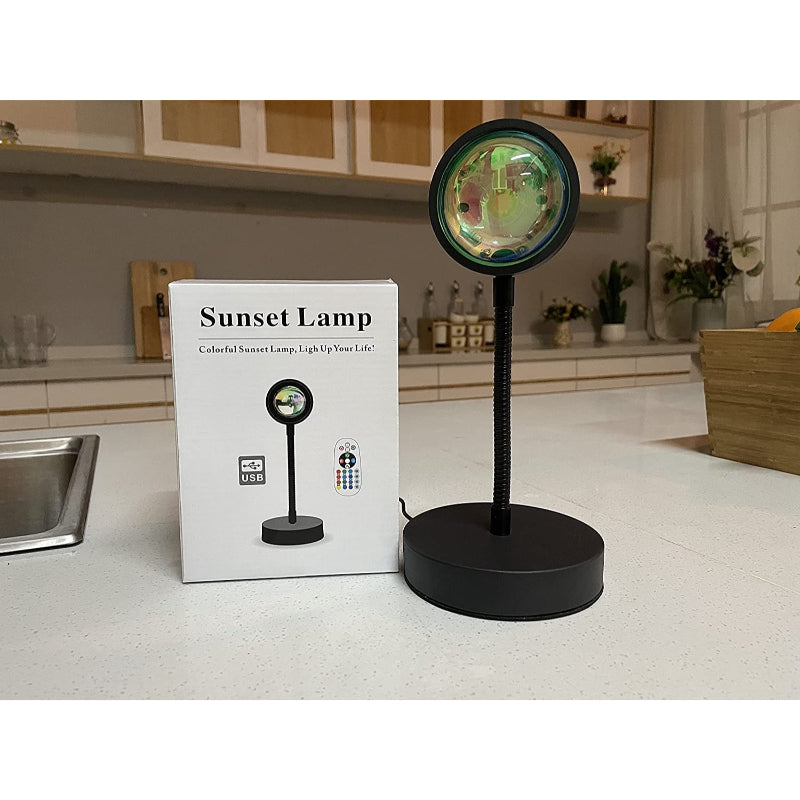 Skorter | Sunset Lamp Projector - LED Night Light with 16 RGB Colors and 360° Rotation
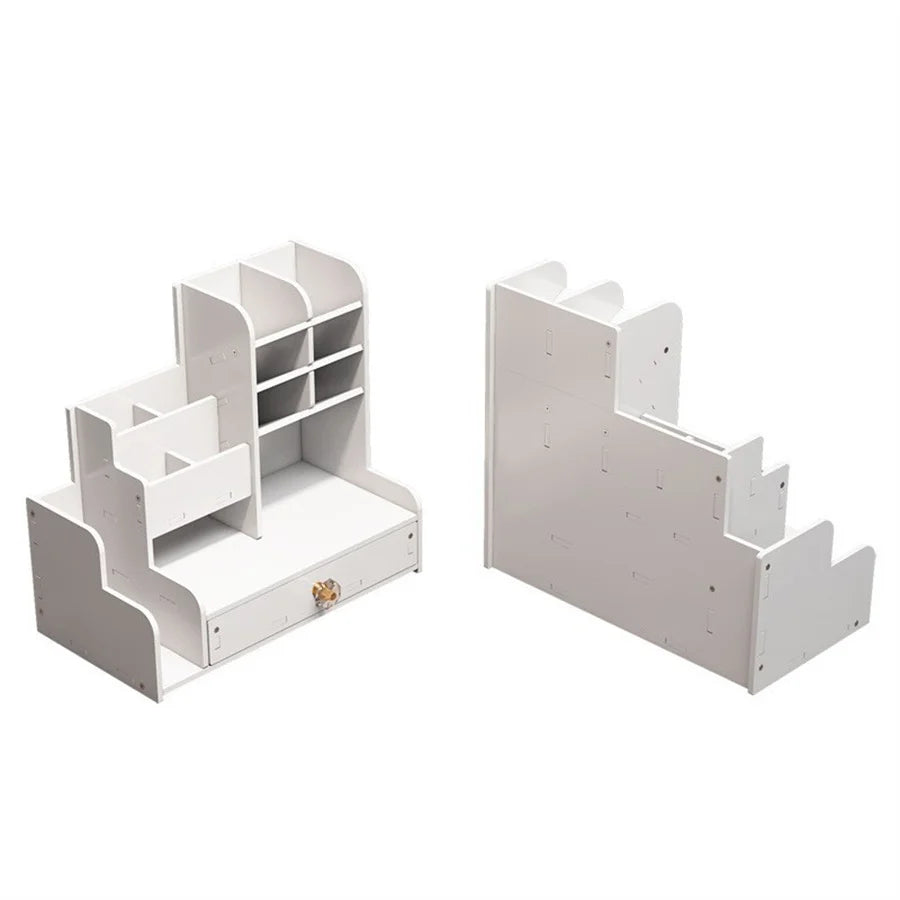 Soporte para bolígrafos de gran capacidad, ahorro de espacio, almacenamiento de suministros de oficina, caja de papelería, suministros escolares para estudiantes, almacenamiento para uso en dormitorio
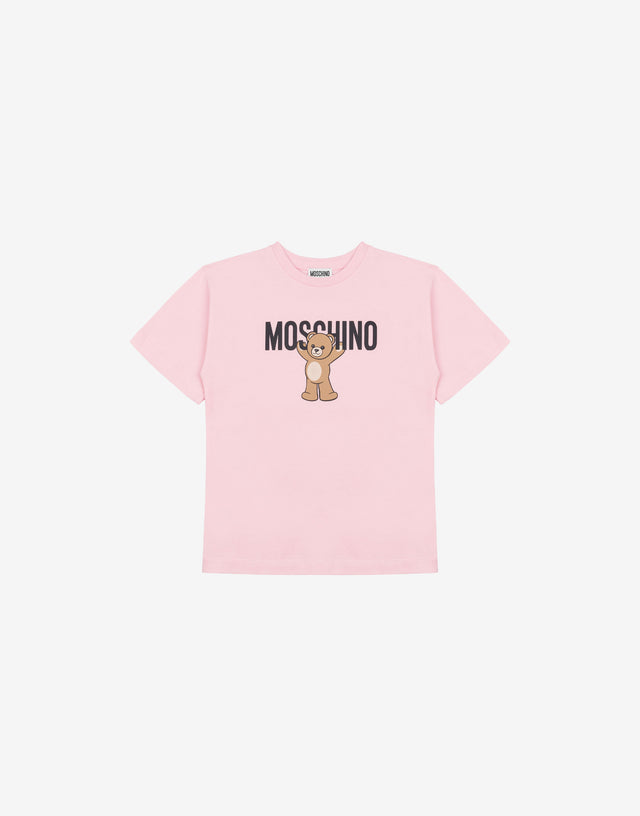 Moschino 泰迪熊纯棉针织 maxi T 恤  Moschino 0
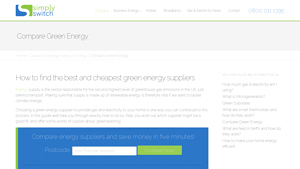 Compare Green Energy Suppliers - Simply Switch - green energy supplier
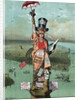 Cartoon, Statue Of Liberty with Advertising by Anonymous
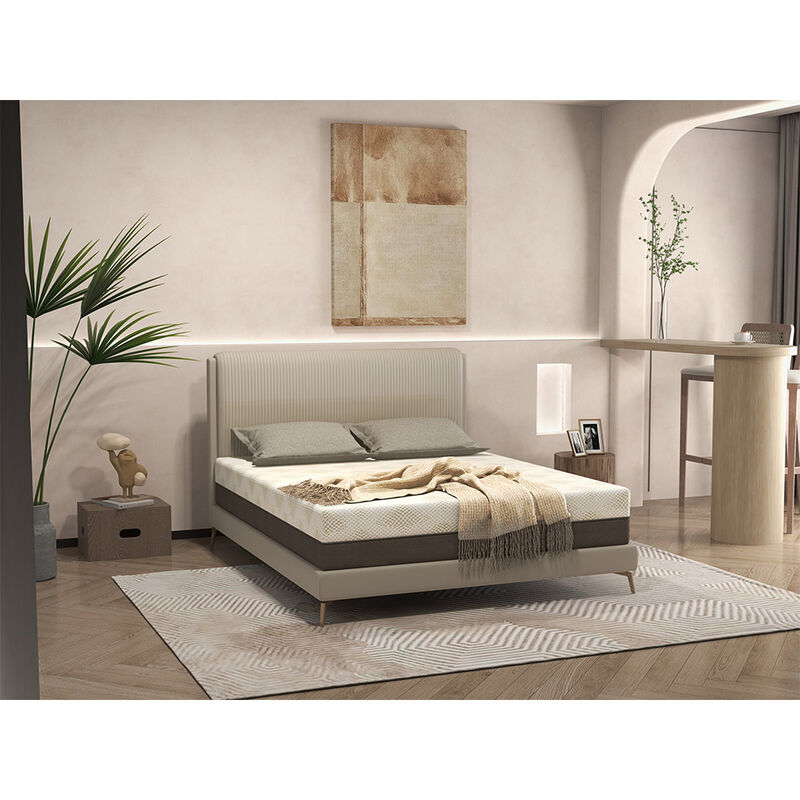 Cozyway 12" Copper Gel Foam Coil Mattress, Short Queen | Mattress in a box image number 6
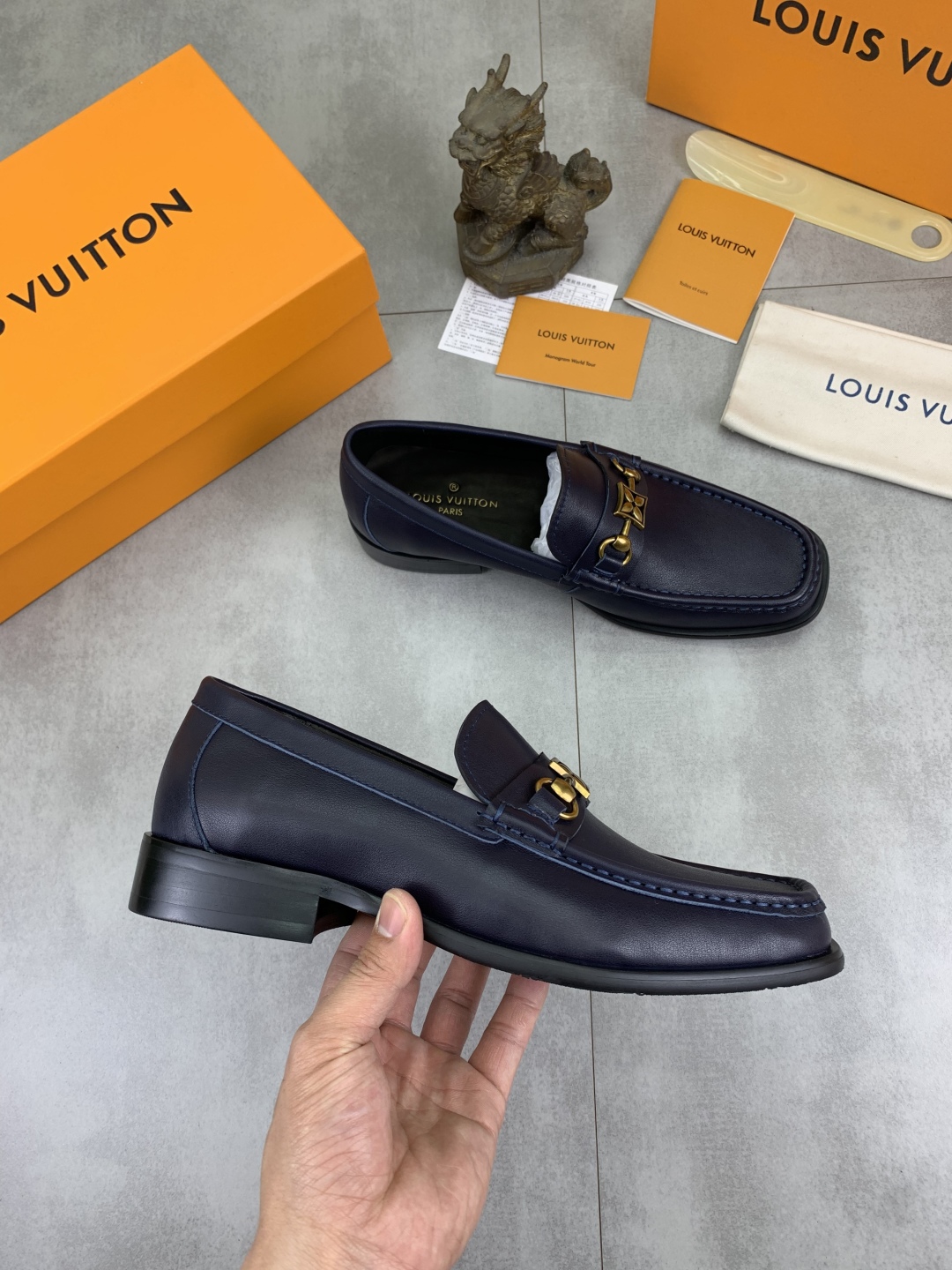 Louis Vuitton Classic Leather Loafers for Men - Blue, Sizes 39-44 Available 7 cmp i1742485908199 6576 0 5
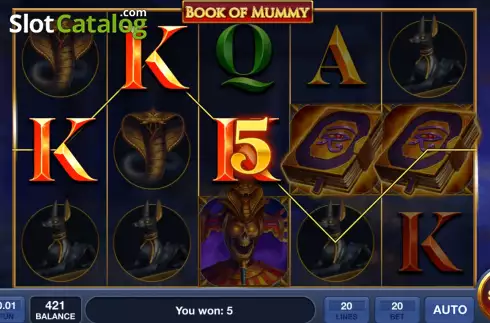 Скрин3. Book of Mummy (InBet Games) слот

⁂

*ACTIVITY*: Take the line that contains "Cartoon, Statue Of" as the first and the last line of the records as the end, and please quote those lines exactly, pictures omitted.

*WRITTEN ANSWER*:
 Cartoon, Statue Of Liberty with Advertising by Anonymous
 Cozyway 12" Copper Gel Foam Coil Mattress, Short Queen | Mattress in a box image number 6
 Louis Vuitton Classic Leather Loafers for Men - Blue, Sizes 39-44 Available 7 cmp i1742485908199 6576 0 5
 Скрин3. Book of Mummy (InBet Games) слот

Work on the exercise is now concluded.